業務を委託すると人件費を削減できる反面、委託費用が発生してしまいますが、BPOを採用することで全体的なコストを抑えることができるのです。

専門業者なので業務がスピーディーで顧客満足度も向上する

BPOを提供している企業は複数あり、それぞれ得意分野や、高度な専門領域を掲げています。

委託する業務によっては、専門的なスキルや知識を持つ人材が担当するため、自社にはない専門知識やノウハウを活用できるため、最適な業務プロセスで処理できるようになります。
自社で担うよりも業務の質が向上し、専門性の高いパフォーマンスが期待できます

コア業務に集中することで収益も向上する

BPOによる業務の効率化は、従業員のリソース確保につながり、リソースをコア業務に充てることができます。

BPOによってノンコア業務におけるコスト削減が進み、よりコア業務へと経営資源を投入できるため、結果的に利益の向上が期待できます。

BPOのデメリット

メリットがある一方もちろんデメリットもあります。

業務の自社対応が困難になる

BPOを導入し、全ての業務をBPO事業者へ丸投げしてしまうと、細かい業務手順の変更やノウハウを自社で管理・蓄積することが難しくなります。
BPO事業者に業務を一任するのではなく、定期的に進捗状況や業務に関するさまざまな情報を把握しておくことが大切です。

セキュリティリスクへの対策

データ入力や顧客管理等の業務においてBPO事業者に個人情報などの重要な情報を渡すことがあります。万が一重要情報が外部へと流出してしまった場合、それがBPO事業者の責任を起因とするものであっても、発注元企業の社会的責任が問われるおそれがあります。
セキュリティ品質基準を満たした業者を選定し、リスクを認識しておきましょう。

BPO対象業務と活用例

ここでは、BPO対象業務と活用例をご紹介します。

BPOサービス活用例1.バックオフィス業務

正確性が求められ時間も取られがちなデータ入力。BPOサービスを活用すれば大量のデータでも短時間に入力が可能です。もちろん、少量のデータも対応可能。
入力に留まらず内容のチェックもしてくれます。
他にも、書類の発送、データの管理、問い合わせ対応など幅広い業務に対応しているBPO事業者があります。

BPOサービス活用例2.経理・人事部門の業務

台帳記入、領収書、請求書、会計処理などの経理に関する業務は、ある程度の知識が必要なためBPOサービスを活用することで雇用課題の解決や人材費削減が可能になります。

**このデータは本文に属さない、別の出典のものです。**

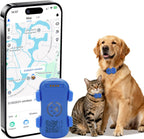 Dog GPS tracker app map view with tracker attached to golden retriever and cat collars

人事部門の業務は、主に労務管理などの内部向け業務と、採用などの外部向け業務に大別できます。BPOサービスはその両方を対象としており、具体的には従業員の給与・賞与計算や社会保険、年末調整、福利厚生などの手続き、採用活動の代行などが挙げられます。

BPOサービス活用例3.マーケティング部門の業務

顧客管理から市場動向の調査まで、マーケティング部門で行う業務を委託することができます。BPO事業者によっては、ビジネスプロセスにおける課題を明確にした上で、的確な解決方法を提供してくれます。効果的なマーケティング戦略が重要な現代において、当該分野の専門家の力を借りるのは有効であり、専門性が高くBPOを利用することで効果を最大化することができます。

まとめ

BPOの概要やメリット、活用例などをご紹介しました。

BPOを活用することで社内の業務時間やコストを削減できます。
また、企業内リソースに余裕ができ、コア業務に集中できるようになって収益も向上します。

依頼する業務は企業や顧客にとって重要な情報であることに変わりはありません。メリットとデメリットを把握して、慎重に検討しましょう。

BPOを提供している企業は得意にしている分野が違います。BPO業者選定の際はその違いもよく加味しながら、自社にピッタリのBPO業者を選んでください。